Their main public face is the open-source search site at krugle.org. Here you can run a search on both source code and code-related public web pages. I did a quick test, looking for some reasonably tricky terms from image processing, erode and dilate. Here’s what Krugle finds, and for comparison here’s the same query on Google’s code search. Krugle’s results are better in several ways. First, they seem to understand something about the code structure, so they’ve focused on source that has the keywords in the function name and shows definition of the function. Most of Google’s hits are constants or variable names, which are a lot less likely to be useful. Krugle also shows more relevant results for the documentation, under the tech pages tab. A general Google web search for the same terms throws up a lot more pages that aren’t useful to developers. Finally, Krugle knows about projects, so you can easily find out more about the context of a piece of source code, rather than just viewing it as an isolated file as you do with Google’s code search.
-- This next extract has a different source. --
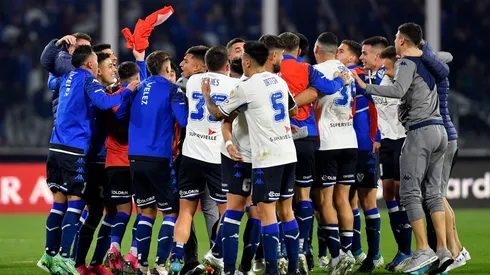 ¿Se lo saca alguno? La figura de Vélez que los hinchas de River y Boca piden en las redes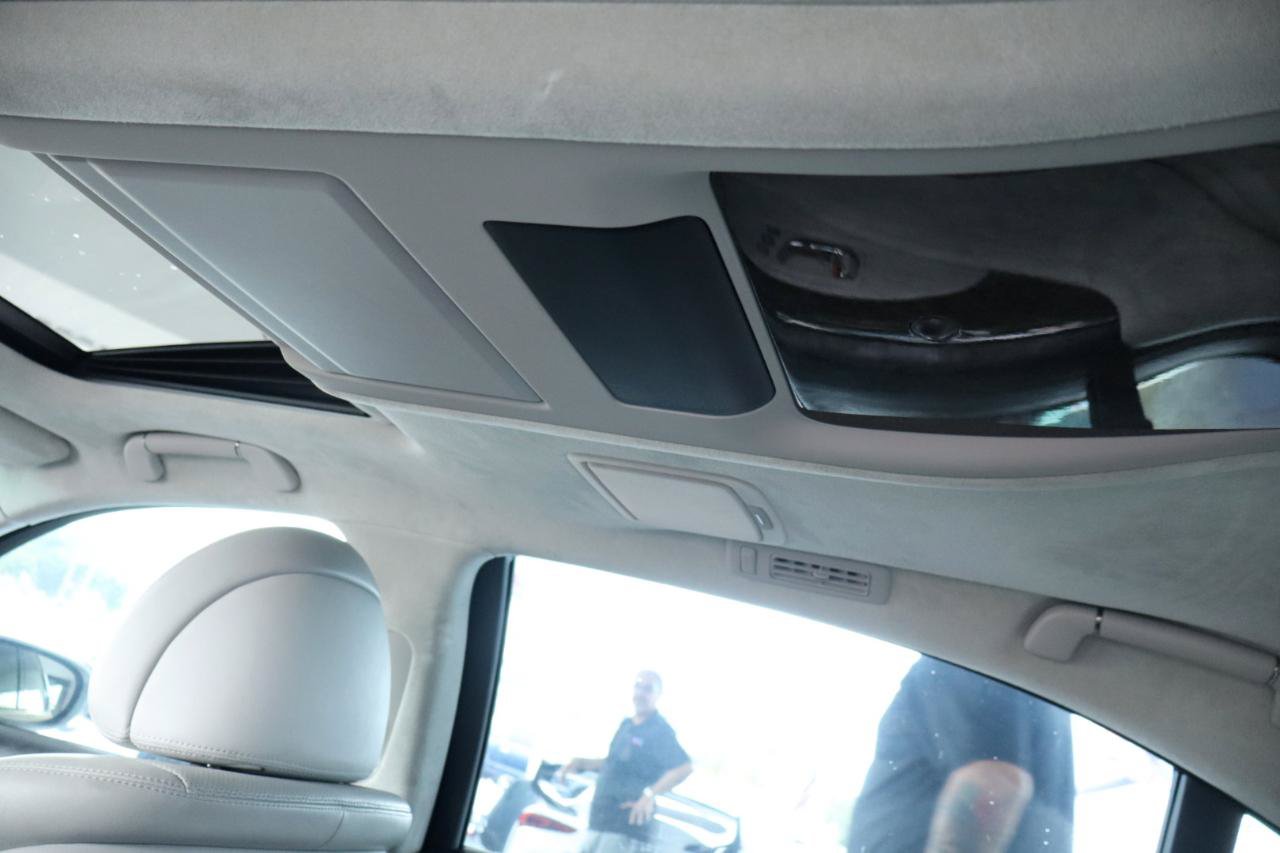 Used 2007 Lexus LS 460 L RWD image 36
Krugle have also teamed up with some big names like IBM and Sourceforge, to offer specialized search for the large public repositories of code that they control. Unfortunately, I wasn’t able to find the Krugle interface directly through Sourceforge’s site, and their default code search engine seems fairly poor, producing only two irrelevant results for erode/dilate. Using the Krugle Sourceforge interface produces a lot more, it seems like a shame that Sourceforge don’t replace theirs with Krugle.
So, they have a very strong solution for searching public source code. Where it gets interesting is that the same problem exists within organizations. Their solution is a network appliance server that you install inside your intranet, tell it where your source repositories are, and it provides a similar search interface to your proprietary code. I find the appliance approach very interesting, Inboxer take a similar approach for their email search product, and of course there’s the Google search appliance.
It seems like a lot of developers must be searching for a solution for the code-finding problem, because it is so painful. It also seems like an easy sell to management, since they’ll understand the benefits of reusing code rather than rewriting it. I wonder how the typical sale is made though? I’d imagine it would have to be an engineering initiative, and typically engineering doesn’t have a discretionary budget for items like this. They do seem to have a strong presence at technical conferences like AjaxWorld, which must be good for marketing to the development folks at software businesses.
Overall, it seems like a great tool. I think there’s a lot to learn from their model for anyone who’s trying to turn specialized search software into a product that businesses will buy.